Magazine Insolite
L'inconnue du Parc de la Tête d'Or... "Dites-leur pourquoi je pleure lorsqu'ils rient..."
Publié le 07 octobre 2007 par Sarah Oling
Je me souviens encore d'Elle et de son regard. Tous les après-midi, quand les enfants commençaient à s'agglutiner en riant
contre la vitre, je la voyais se lever de son banc et s'approcher à pas menus. C'était le temps de son regard, abolissant l'espace et la vitre entre nous. Je voyais ses lêvres remuer, elle
s'adressait aux enfants. Soudain ils ne riaient plus. Ils restaient quelques instants à me fixer puis s'éloignaient en grappe remuante. Alors il n'y avait plus de vitre, plus de douleur. Il n'y
avait qu'Elle, ses yeux dans les miens. Je plissais un instant mes paupières en un signe amical. Que pouvions-nous faire d'autre, chacun d'un côté de ma frontière de verre?

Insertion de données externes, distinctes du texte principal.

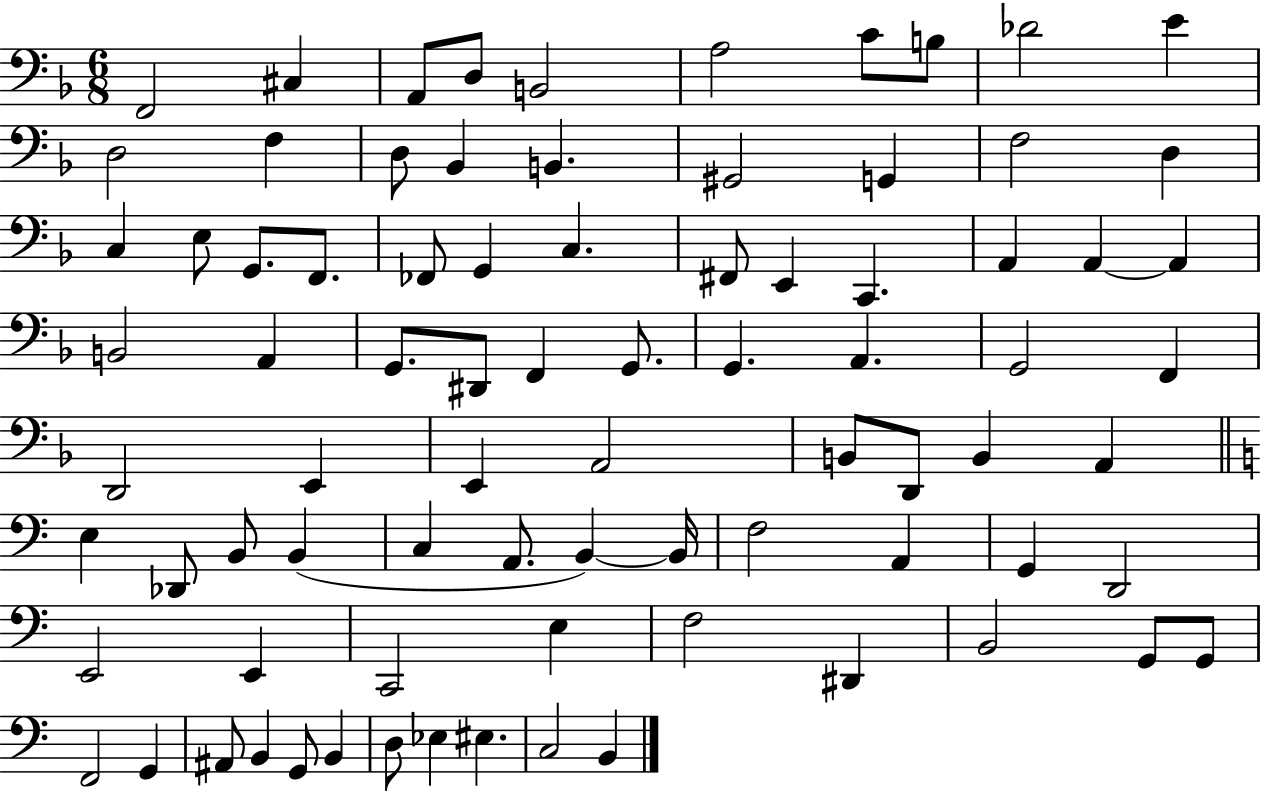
{
  \clef bass
  \numericTimeSignature
  \time 6/8
  \key f \major
  \repeat volta 2 { f,2 cis4 | a,8 d8 b,2 | a2 c'8 b8 | des'2 e'4 | \break d2 f4 | d8 bes,4 b,4. | gis,2 g,4 | f2 d4 | \break c4 e8 g,8. f,8. | fes,8 g,4 c4. | fis,8 e,4 c,4. | a,4 a,4~~ a,4 | \break b,2 a,4 | g,8. dis,8 f,4 g,8. | g,4. a,4. | g,2 f,4 | \break d,2 e,4 | e,4 a,2 | b,8 d,8 b,4 a,4 | \bar "||" \break \key c \major e4 des,8 b,8 b,4( | c4 a,8. b,4~~) b,16 | f2 a,4 | g,4 d,2 | \break e,2 e,4 | c,2 e4 | f2 dis,4 | b,2 g,8 g,8 | \break f,2 g,4 | ais,8 b,4 g,8 b,4 | d8 ees4 eis4. | c2 b,4 | \break } \bar "|."
}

Puis le banc a disparu, ils ont enlevé les autres autour de moi. Je suis resté là, face à leurs rires. Ils ne savent rien de moi ni de ma fratrie, rien des échappées sibériennes en meute
joyeuse, ni des steppes glacées de mon enfance. Il fut un lieu qui me vit libre, libre de courir , de bondir même, sur un territoire bien plus grand que ce parc qui me retient prisonnier. Il
fut un espace où l'on me craignait, où les hommes fuyaient à mon approche, moi qui ne voulait que leur faire comprendre...
Comment leur faire savoir que la cage dans laquelle ils me retiennent n'est que l'expression de leurs peurs et que celui qui détient la clé n'est pas à l'abri de ses fantômes? Ce
qu'Elle venait me transmettre, c'était la confiance dans notre destinée. Aujourd'hui, pour les rieurs, je suis le loup blanc qui louche, mais je sais qu'il existe un ailleurs où je redeviendrai
celui qui était le plus beau de la meute.
Alors dites-leur que si je pleure lorsqu'ils rient de moi, c'est que grâce à Elle, j'ai appris la compassion.